The most annoying thing in this conversion process is to actually know which sector is audio and which is data, scm doesn't have that info so you will have to extract it from TOC to be absolutely sure (you can go by data sync header but there is no guarantee there won't be such sequence in audio sector).

I didn't mean a delta between unscrambled and scrambled. What I meant is that it's not necessarily guaranteed that a re-scrambled data track will match the original scrambled one read from the disc. Specifically, error sectors in the descrambled image are replaced with dummy data, so, when those sectors are re-scrambled, you won't get the original scrambled data back.

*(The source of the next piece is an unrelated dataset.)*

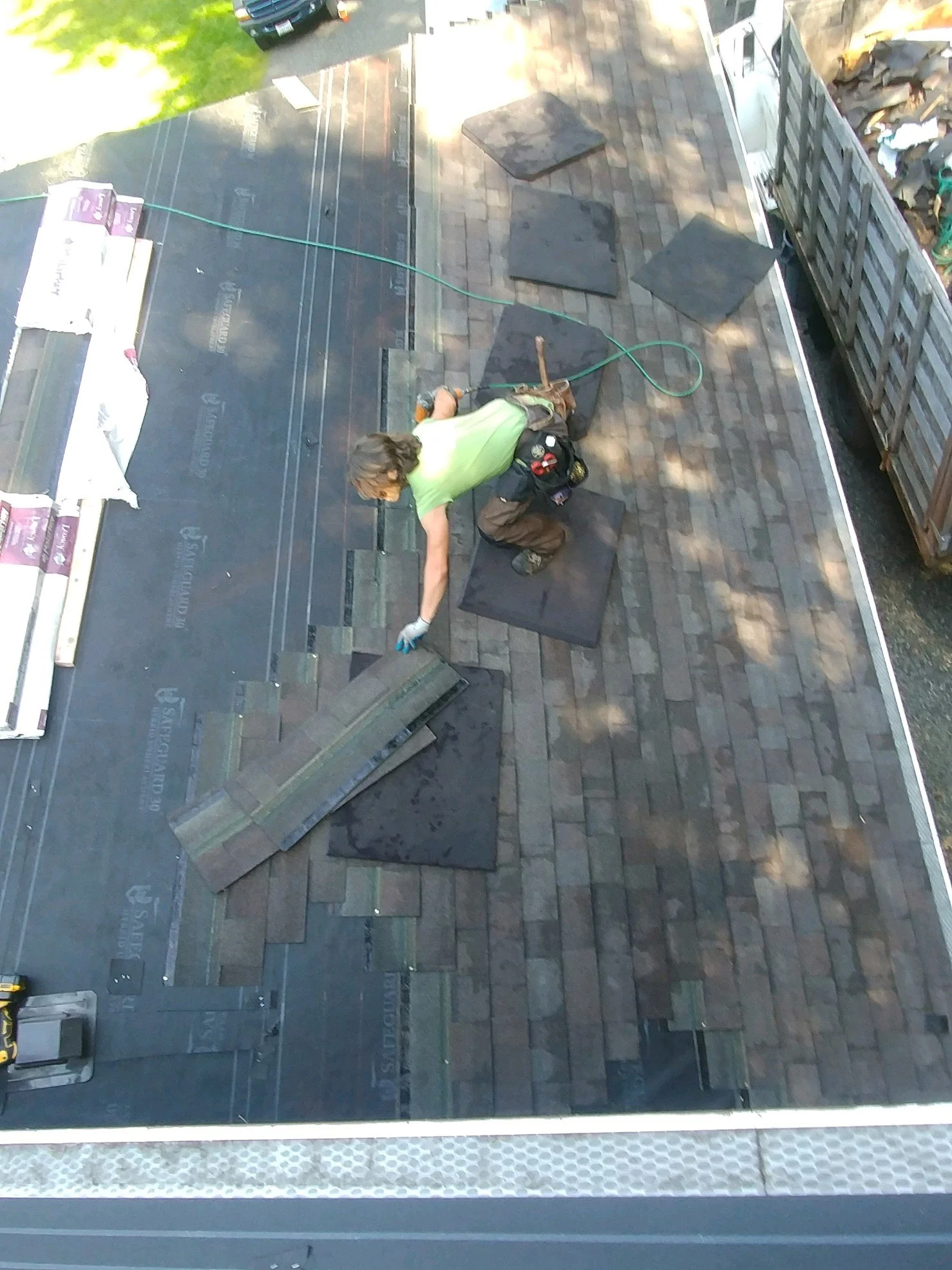 A person working on installing shingles on a roof, kneeling on black padding, with tools nearby, and stacks of shingles ready to be put in place.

Because of this, I was thinking of using deltas between the original scrambled data and the rescrambled data. For most any unprotected disc, the files will match exactly. For discs with errors, the rescrambled data for error sectors won't match the data returned by the drive, so the delta will just have to store the differences for these sectors.

I was thinking this would be a better solution than just storing both the unscrambled and scrambled data, as it would be much smaller. For many discs, it would basically eliminate the storage of the scrambled data altogether, since you can recreate it. For other discs, it would require just storing a delta large enough to reconstruct those sectors that don't rescramble to the original data, which, for most discs, is only a few hundred sectors at most.

Regarding the TOC concerns, I was thinking maybe something even simpler than that. I don't necessarily care if I know exactly which sectors, according to the TOC, are data or not. I just want to have a compact way to recreate the original scrambled data from the drive while storing the more useful unscrambled image for day-to-day use. I was thinking it should be possible to just go through the unscrambled image looking for the 00 FF ... FF 00 sync pattern at each sector offset and then doing the XOR with the scrambling table for all the sectors found that way. If there's no sync, just write out the sector as-is. Then, after having done that, compare this rescrambled image with the original scrambled image that DIC read in from the drive. If the images matche, nothing new needs to be stored except a note that the scrambled image can be trivially recreated from the unscrambled image, and we can delete the scrambled image. If it doesn't match, make a delta between the rescrambled image and the original scrambled one read in from the drive, and then delete the original one. Then, we can in the future recreate the original by rescrambling the unscrambled image and then applying the delta.

My real hope, though, was that Aaru or some other package would have the option to simultaneously store both unscrambled and scrambled using some kind of internal representation like I've described in order to save space. I don't think such package exists, though.